◆ **Information shown**
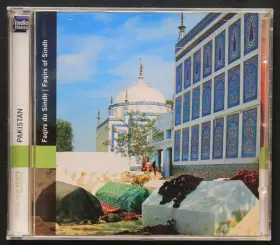 Couverture du produit · Pakistan - Faqirs Du Sindh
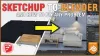 A Step-by-Step guide to Import SketchUp files into Blender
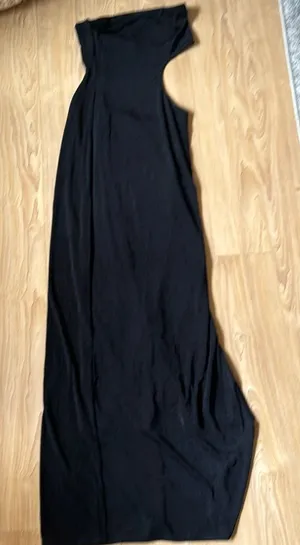 Black Tube Dress thumbnail 1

◆ **Assigned task**
The expected output is the whole listing, word for word, minus its pictures.

◆ **Result below**
 Couverture du produit · Pakistan - Faqirs Du Sindh
 A Step-by-Step guide to Import SketchUp files into Blender
 Black Tube Dress thumbnail 1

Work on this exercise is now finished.